How to complete this task:
Write out the entries exactly. None of the pictures should appear in the copy.

▼

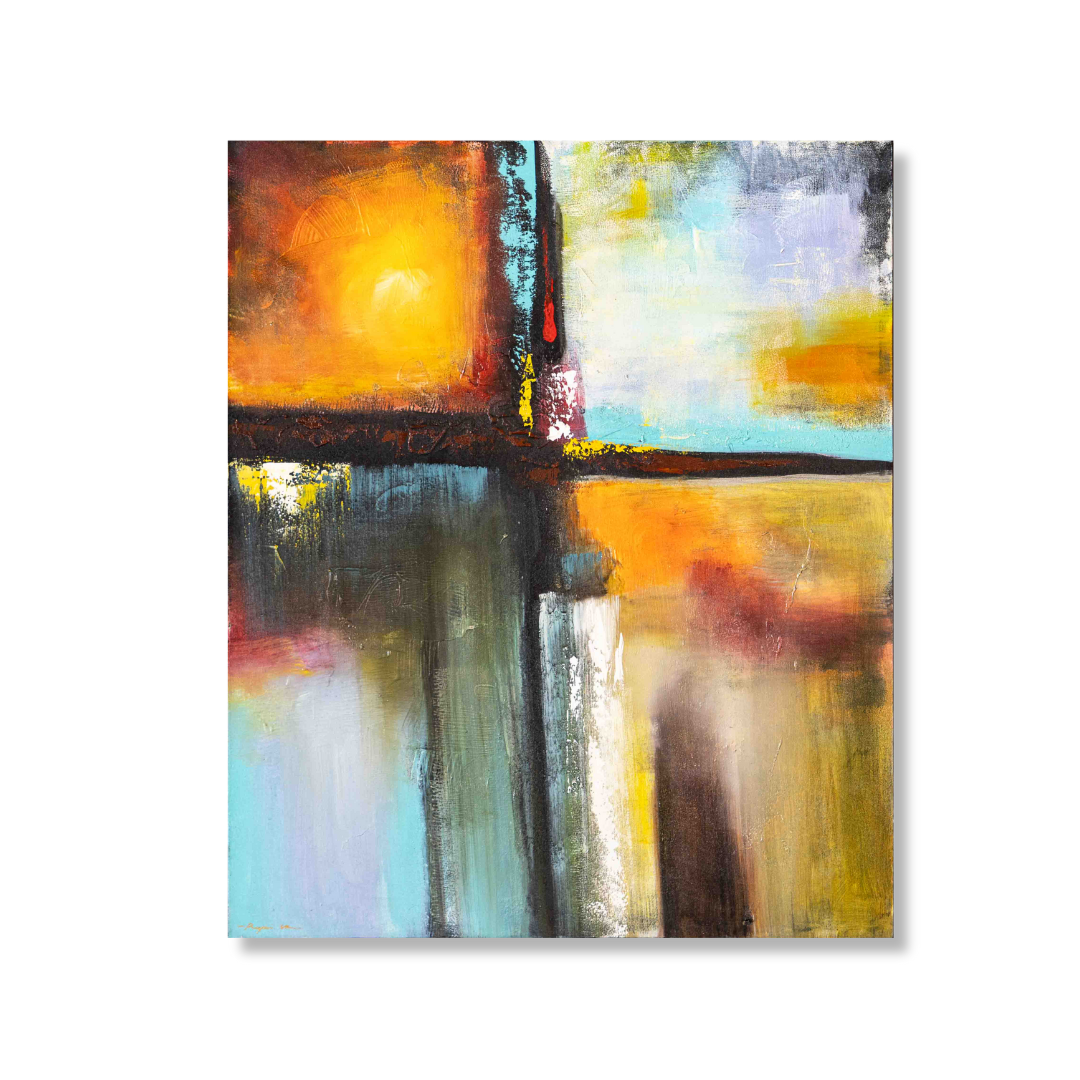 uvozeni-izdelki/L95761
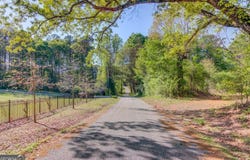 476 Walnut, Hoschton, GA 30548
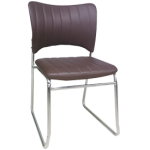 Fix Chair FX-023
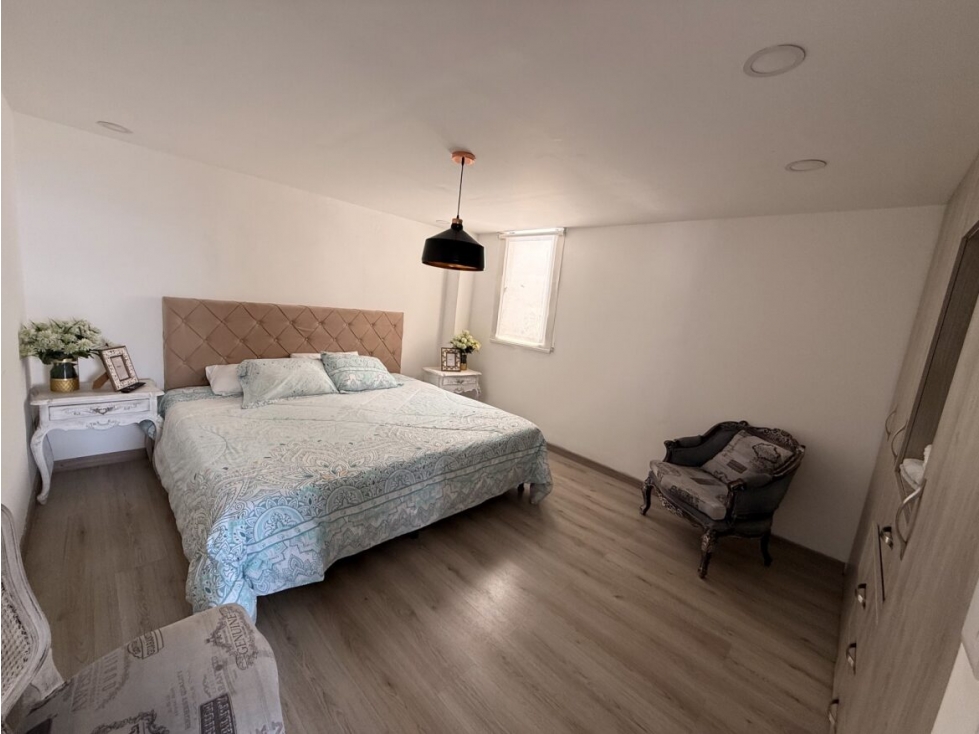 3 Penthouses en Plaza Bolívar de Pereira — foto 4
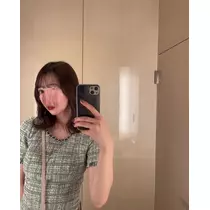 乙川 ゆあ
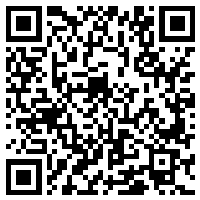 QR Code for bitcoin:bitcoin:bitcoin:bitcoin:dash:XsjN4jBfNUTpuT7mtuKKRt2nPL8XrbAtUt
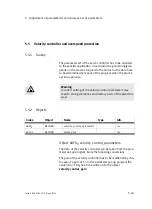 Preview for 109 page of Festo SEC-AC-305-CO Manual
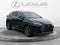 2024 Lexus NX 350h NX 350h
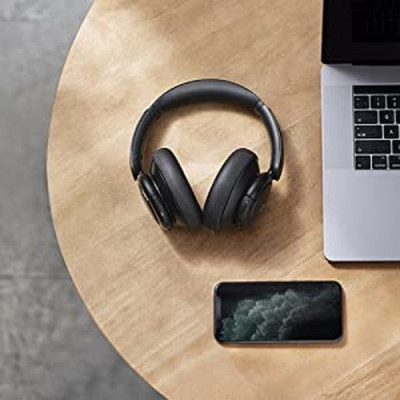 Навушники Anker Soundcore Life Q30 (A3028) Навушники Anker Soundcore Life Q30 (A3028)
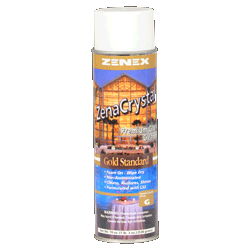 Zenex Glass Gleaner.gif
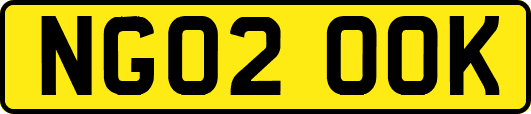 NG02OOK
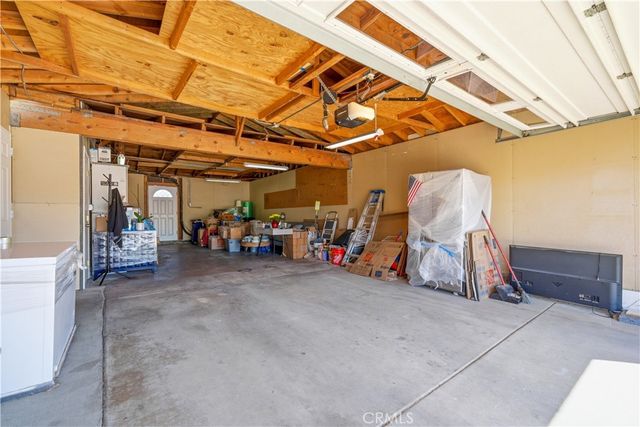 8142 San Mateo, Buena Park, CA 90620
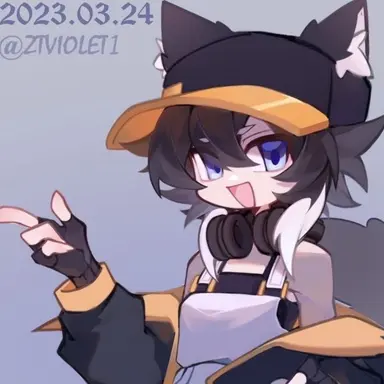 Profile image of おはぎ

▲

Output:
 uvozeni-izdelki/L95761
 476 Walnut, Hoschton, GA 30548
 Fix Chair FX-023
 3 Penthouses en Plaza Bolívar de Pereira — foto 4
 乙川 ゆあ
 QR Code for bitcoin:bitcoin:bitcoin:bitcoin:dash:XsjN4jBfNUTpuT7mtuKKRt2nPL8XrbAtUt
 Preview for 109 page of Festo SEC-AC-305-CO Manual
 2024 Lexus NX 350h NX 350h
 Навушники Anker Soundcore Life Q30 (A3028) Навушники Anker Soundcore Life Q30 (A3028)
 Zenex Glass Gleaner.gif
 NG02OOK
 8142 San Mateo, Buena Park, CA 90620
 Profile image of おはぎ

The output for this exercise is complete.